L'Empire des Sens (1976) de Nagisa Oshima
Film culte et mythique qui amena le cinéma érotique au 7ème Art est avant tout un film inspiré d'une histoire vraie et reste une co-production franco-japonaise (rarement précisée). Outre la société de production du réalisateur Nagisa Oshima il faut donc noter que côté français on trouve à la production Anatole Dauman qui était derrière "Hiroshima mon amour" (1959) de Alain Resnais, et qui aborda l'érotisme avec "Contes Immoraux" (1974) de Walerian Borowczyk. Le cinéaste Nagisa Oshima n'est pas à son coup d'essai niveau scandale, dès ses débuts notamment avec "Contes Cruels de la Jeunesse" (1960) mais aussi et surtout avec "Les Plaisirs de la Chair" (1965) et "Violences en Plein Jour" (1966). Pour ce film le réalisateur-producteur-scénariste s'inspire d'un fait divers très connu au Japon, où comment une ancienne prostituée devenue servante et maitresse de son maitre fut retrouvée errante dans la rue, joyeuse et en possession du sexe de son amant dans son sac à main !... Tout savoir sur Sada Abe ICI !...
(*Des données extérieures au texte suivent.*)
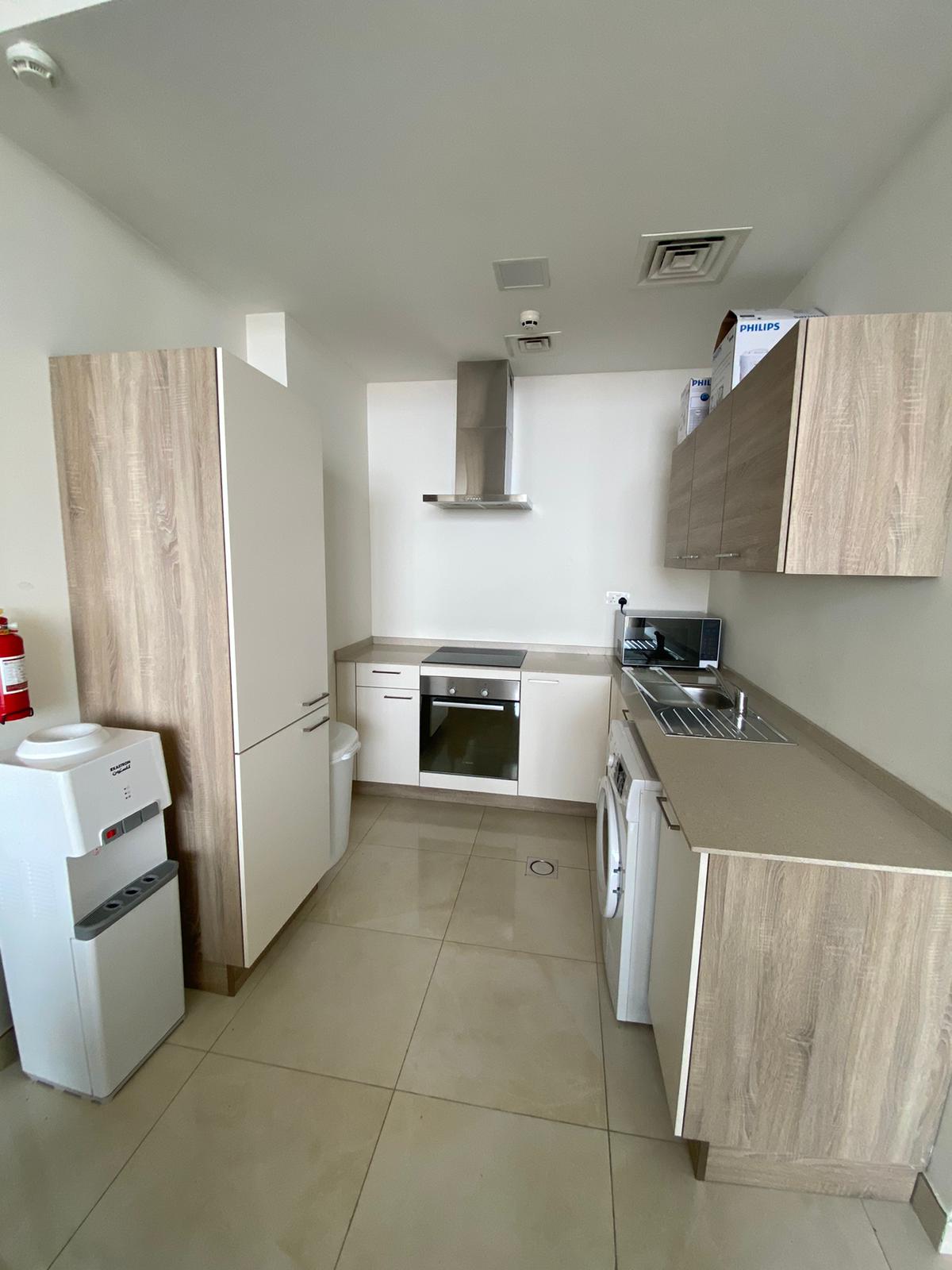 A modern kitchen with wooden cabinets, an oven, a washer, and a stovetop. A water dispenser and a fire extinguisher are on the left. The floor is tiled, and the walls are white.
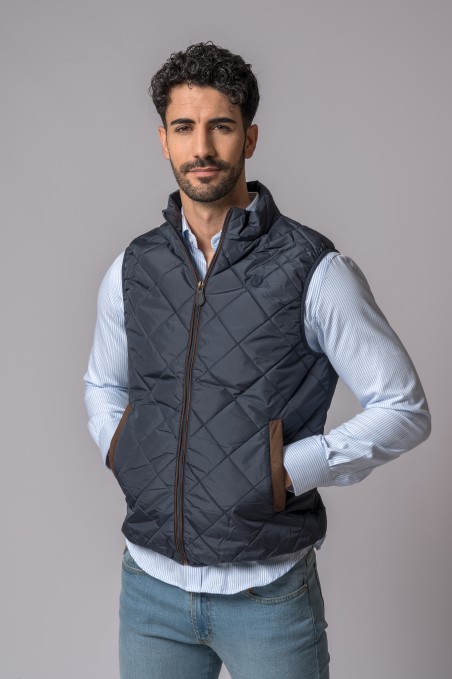 Colete acolchoado preto com bolsos castanhos usado sobre camisa azul com riscas finas e jeans azuis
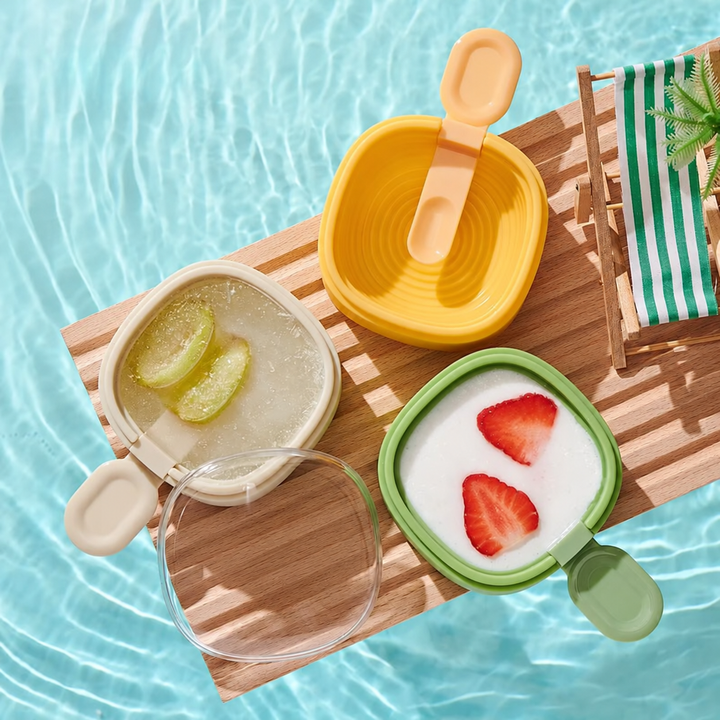 White, green, and yellow ice cream molds with matching spoons and fruit-filled frozen treats.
On se trouve donc en 1936, quartier bourgeois, Sada Abe, une ancienne prostituée est devenue domestique. Elle aime le sexe, encore, et aime notamment épier les ébats de son maitre libertin. Bientôt elle devient sa maitresse et petit à petit s'impose comme la seule et unique amante poussant ainsi son couple de plus en plus loin dans les ébats érotiques. Les trois rôles principaux sont interprétés par Tatsuya Fuji et Aoi Nakajima (les époux et maitres de maison) tandis que Sada Abe est uncarnée par Eiko Matsuda, tous trois ayant une courte carrière, occultée notamment par l'extraordinaire postérité de "L'Empire des Sens"... A l'instar de l'affaire Sada Abe en 1936, et malgré le succès, le film fit un scandale et défraya la chronique. La spirale érotique frôle la pornographie avec des scènes de sexe non simulées allant de plans sur les sexes à la mutilation en passant par la masturbation et l'éjaculation. Censuré à l'origine dans son pays d'origine (Japon), procès en prime pour Oshima, le film pu voyager grâce à sa co-production française et être présenté entre autre au Festival de Cannes (section Quinzaine des Réalisateurs). Mais loin d'être un énième film pornographique des seventies, décennie alors en plain boum du genre, le film s'avère plus riche avec des sujets réellement abordés sous forme de réflexions loin d'être anodines. Les deux amants ont un fort désir charnel, ils s'aiment plus que de raison, l'éternel désir se fait de plus en plus addiction jusqu'à se couper du monde extérieur et jusqu'à pousser toujours plus loin les limites.
Une passion dévorante et destructrice mais qui n'est jamais vulgaire et qui évolue de façon cohérente vers toujours plus de folie. On peut voir le film sous deux angles différents. Selon Georges Bataille par exemple : "De l'érotisme, il est possible de dire qu'il est l'approbation de la vie jusque dans la mort", ou sinon sous le biais unique de la perversité et de la déviance malsaine. Le film interroge dès son titre avec l'importance qu'on peut donner aux "Sens" sous toutes ses définitions. On rappellera entre autre que le titre en VF fait référence au livre "L'Empire des Signes" (1970) de Roland Barthes dans lequel l'auteur explique : "Au Japon - dans ce pays que j'appelle le Japon - la sexualité est dans le sexe et non ailleurs ; aux Etats-Unis, c'est le contraire : le sexe est partout sauf dans la sexualité."... Le film est considéré maintenant comme le "premier film pornographique d'auteur" mais on peut toujours en discuter. "L'Empire des Sens" n'est pas un film excitant ni aphrodisiaque et, pourtant, n'est-ce pas la spécificité même d'un film porno ?!... Non, on peut dire de ce film qu'il est avant tout un drame psycho-érotico-social. Un grand film à tout point de vue, encore faut-il ne pas s'offusquer de séquences qui n'ont pourtant rien à envier à la violence graphique et gratuite de quelques films d'action bien connus du grand public. A voir et à conseiller.